Batch iterators

Batch iterators are built using the following constructor:

from dpipe.batch_iter import Infinite

its only required argument is source - an infinite iterable that yields entries from your data.

We’ll build an example batch iterator that yields batches from the MNIST dataset:

from torchvision.datasets import MNIST
from pathlib import Path
import numpy as np


# download to ~/tests/MNIST, if necessary
dataset = MNIST(Path('~/tests/MNIST').expanduser(), transform=np.array, download=True)

Sampling

from dpipe.batch_iter import sample

# yield 10 batches of size 30 each epoch:

batch_iter = Infinite(
    sample(dataset), # randomly sample from the dataset
    batch_size=30, batches_per_epoch=10,
)

sample infinitely yields data randomly sampled from the dataset:

for x, y in sample(dataset):
    print(x.shape, y)
    break
(28, 28) 7

We use infinite sources because our batch iterators are executed in a background thread, this allows us to use the resources more efficiently.

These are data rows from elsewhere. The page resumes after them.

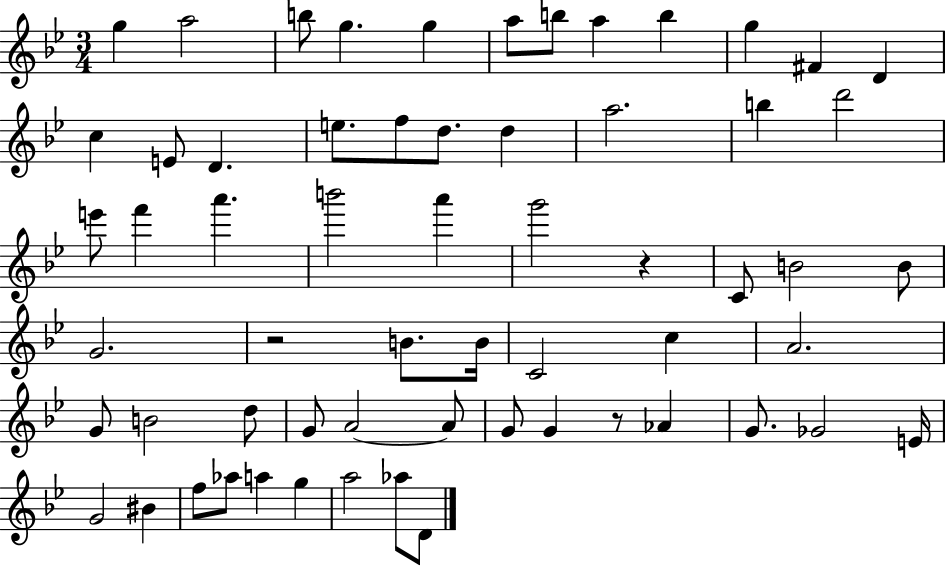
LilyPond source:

{
  \clef treble
  \numericTimeSignature
  \time 3/4
  \key bes \major
  g''4 a''2 | b''8 g''4. g''4 | a''8 b''8 a''4 b''4 | g''4 fis'4 d'4 | \break c''4 e'8 d'4. | e''8. f''8 d''8. d''4 | a''2. | b''4 d'''2 | \break e'''8 f'''4 a'''4. | b'''2 a'''4 | g'''2 r4 | c'8 b'2 b'8 | \break g'2. | r2 b'8. b'16 | c'2 c''4 | a'2. | \break g'8 b'2 d''8 | g'8 a'2~~ a'8 | g'8 g'4 r8 aes'4 | g'8. ges'2 e'16 | \break g'2 bis'4 | f''8 aes''8 a''4 g''4 | a''2 aes''8 d'8 | \bar "|."
}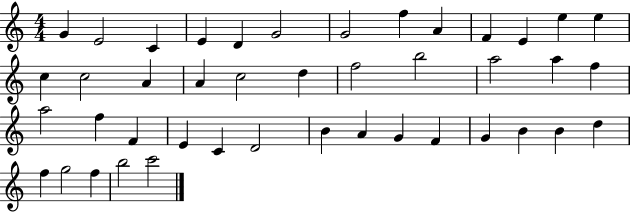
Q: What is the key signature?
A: C major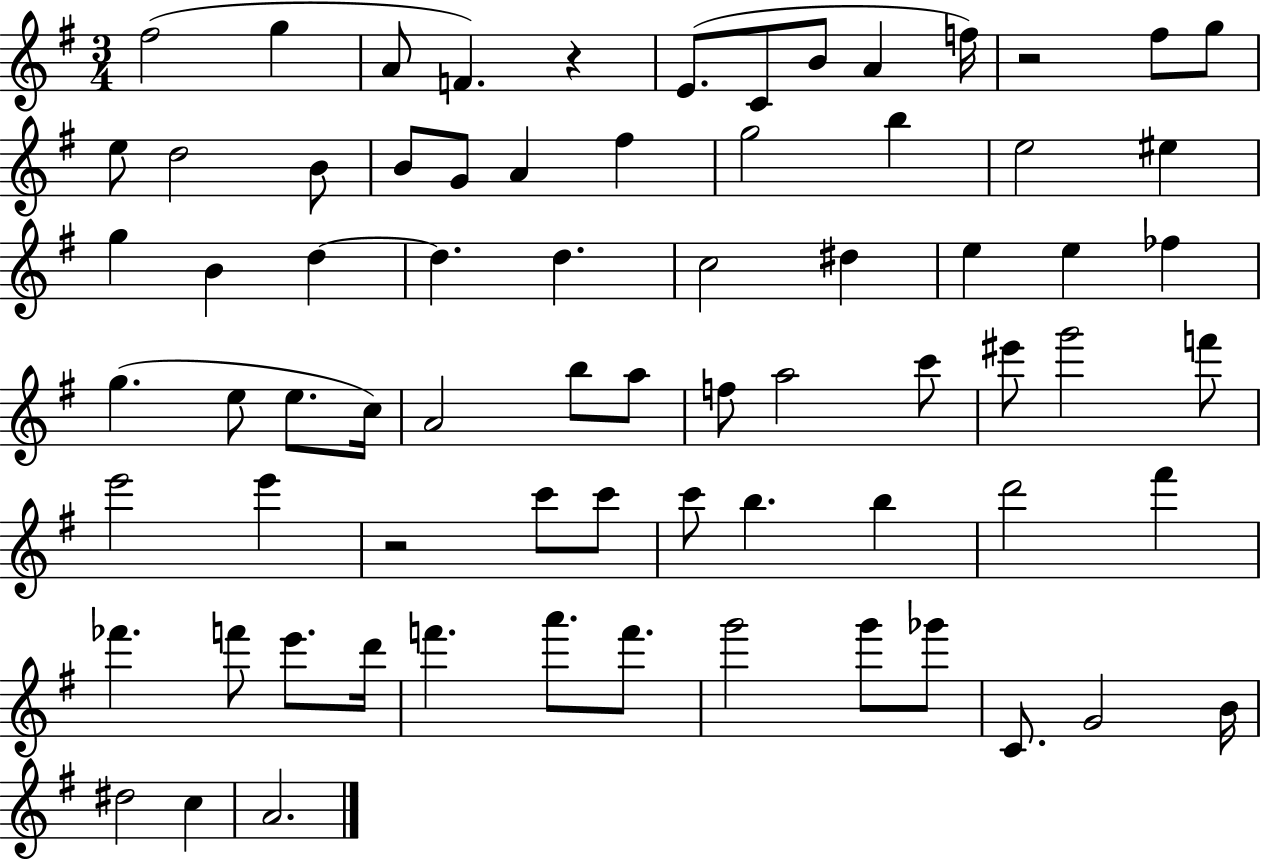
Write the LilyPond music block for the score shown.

For example, a new batch can be prepared while the network’s forward and backward passes are performed in the main thread.

Now we can simply iterate over batch_iter:

# give 10 batches of size 30
for xs, ys in batch_iter():
    print(xs.shape, ys.shape)
(30, 28, 28) (30,)
(30, 28, 28) (30,)
(30, 28, 28) (30,)
(30, 28, 28) (30,)
(30, 28, 28) (30,)
(30, 28, 28) (30,)
(30, 28, 28) (30,)
(30, 28, 28) (30,)
(30, 28, 28) (30,)
(30, 28, 28) (30,)

… and reuse it again:

# give another 10 batches of size 30
for xs, ys in batch_iter():
    print(xs.shape, ys.shape)
(30, 28, 28) (30,)
(30, 28, 28) (30,)
(30, 28, 28) (30,)
(30, 28, 28) (30,)
(30, 28, 28) (30,)
(30, 28, 28) (30,)
(30, 28, 28) (30,)
(30, 28, 28) (30,)
(30, 28, 28) (30,)
(30, 28, 28) (30,)

After the training is over you must close the batch iterator in order to stop all the background processes:

batch_iter.close()

Or you can use it as a context manager:

batch_iter = Infinite(
    sample(dataset),
    batch_size=30, batches_per_epoch=10,
)

with batch_iter:
    for xs, ys in batch_iter():
        print(xs.shape, ys.shape)
(30, 28, 28) (30,)
(30, 28, 28) (30,)
(30, 28, 28) (30,)
(30, 28, 28) (30,)
(30, 28, 28) (30,)
(30, 28, 28) (30,)
(30, 28, 28) (30,)
(30, 28, 28) (30,)
(30, 28, 28) (30,)
(30, 28, 28) (30,)

Transformations

Let’s add more transformations to the data.

from dpipe.im import zoom

def zoom_image(pair):
    image, label = pair
    return zoom(image, scale_factor=[2, 2]), label
batch_iter = Infinite(
    sample(dataset), # yields pairs
    zoom_image, # zoom the images by a factor of 2

    batch_size=30, batches_per_epoch=3,
)

You can think of Infinite as a pipe through which the data flows.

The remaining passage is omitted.